Both the Baku (Azerbaijan) COP presidency, which will  host this year and the Belém (Brazil) COP presidency, which will host next year, said that they aim to integrate health into climate conversations further.  

“Brazil was hit this year with the biggest dengue epidemic for ever, and this was the very consequence of the climate change and the high temperature that we are facing in Brazil and in all of the world,” said Ethel Maciel, Brazil’s Secretary of Health Surveillance and Environment.

She added that health equity will be a major focus and that Brazil has appointed a specific coordinator to work on the link between climate change and health equity.

The speed and extent of action though rely also on resources. For instance, the UAE recognized that having the resources and universal health coverage helps as they have the building blocks for what you need to be healthy. 

“We would say, for the nationally determined contributions, please embed [and] institutionalize targets for health in there, be they things like the impact of air pollution on health, be they heat stroke, be they mental health issues, number of events prevented. Whatever they are, please institutionalize certain metrics of health inside your nationally determined contributions,” urged Prof Maha Taysir Barakat, Assistant Minister for Health and Life Sciences in the UAE Ministry of Foreign Affairs. 

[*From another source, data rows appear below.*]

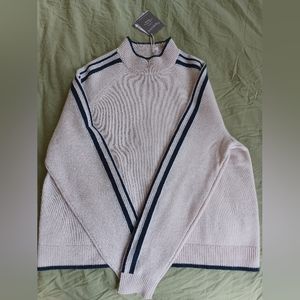 Garnet Hill cashmere boxy mockneck cream sweater with navy stripe detail XS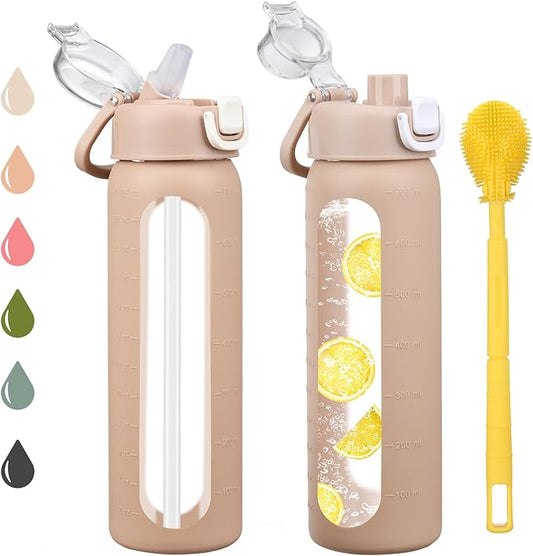 chunmo 24 oz Glass Water Bottles with 2 Lids-Handle Spout Lid & Straw Lid, Motivational Water Bottle with Time Marker and Silicone Sleeve,Leakproof-Amber-1 Pack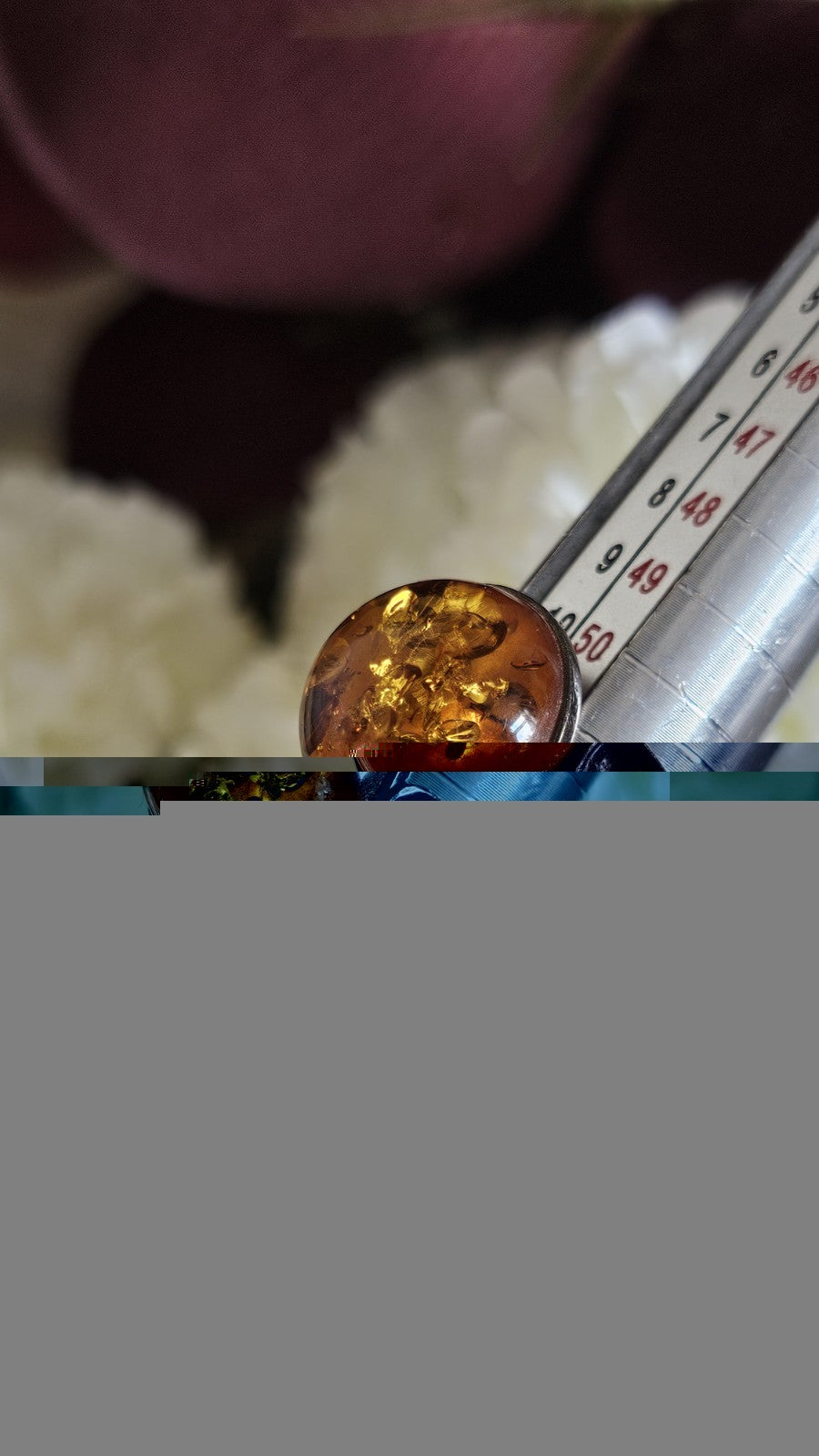 Vintage 925 Sterling Silver Amber Ring Size L 1/2 Honey Cognac 3.31g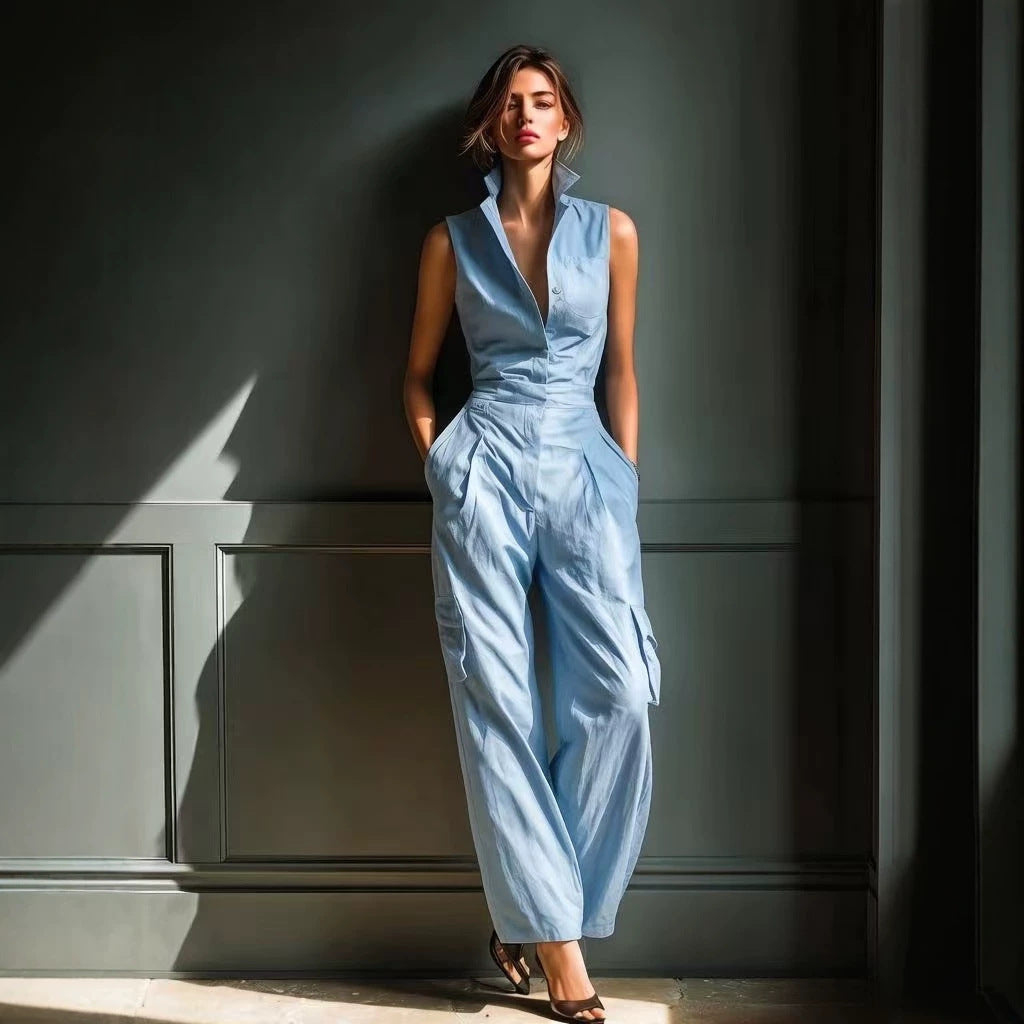 Combinaison sans manches à col chemise et jambes larges cargo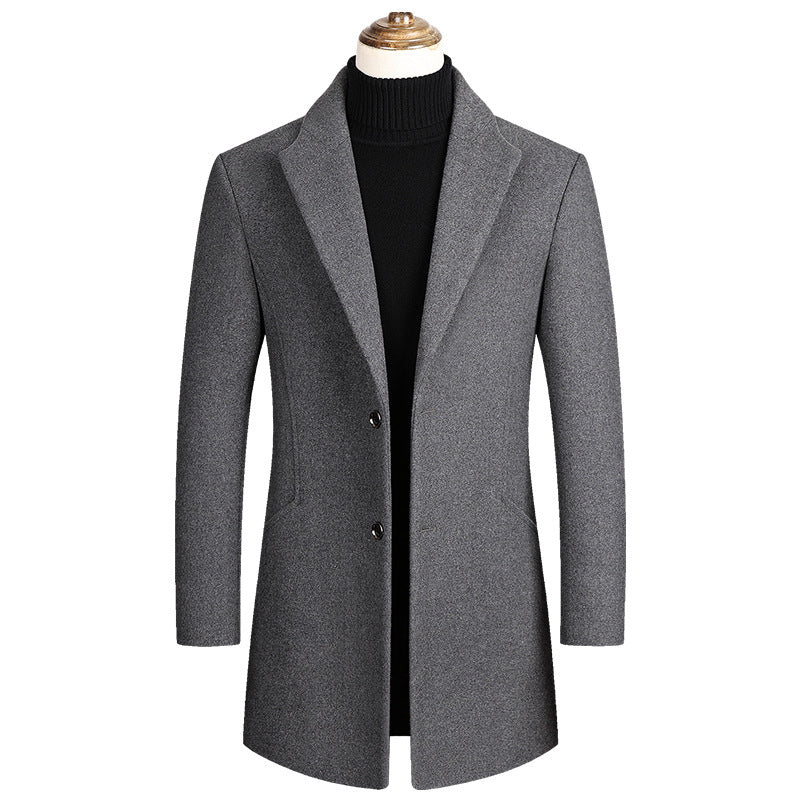 Men Tailored Wool Blend Coat with Notch Lapel and Two-Button Closure Chichicherry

Prof Maha Taysir Barakat, Assistant Minister for Health and Life Sciences in the UAE Ministry of Foreign Affairs

Dr Maria Neira, WHO’s director of Environment, Climate Change and Health, drew attention to the fact that access to renewable energy will improve health by reducing air pollution.  

“So now we need to use health as a motivation. The health argument that we are taking to the COPs has to be extremely strong, and we are the ones that needs to engage,” she said, referring to the health sector.  

Working with cities for impact

It has become clear over the years that national governments are slow to move on climate targets. In addition, when it comes to the climate and health link, a range of stakeholders are needed for effective response. 

The Baku COP Presidency has an initiative on climate resilient cities of which health will be a big part. 

Patty O’Hayer, global head of corporate affairs at Reckitt, said that city mayors need to be supported to bring out change as they have a unique perspective and don’t work in silos. 

“Cities give you that kind of umbrella way that you can look at all of those aspects and make sure that you’re spending your time, your effort, your energy around the social determinants of health, decarbonizing the health care systems and thinking about public health in a much more holistic way,” she said.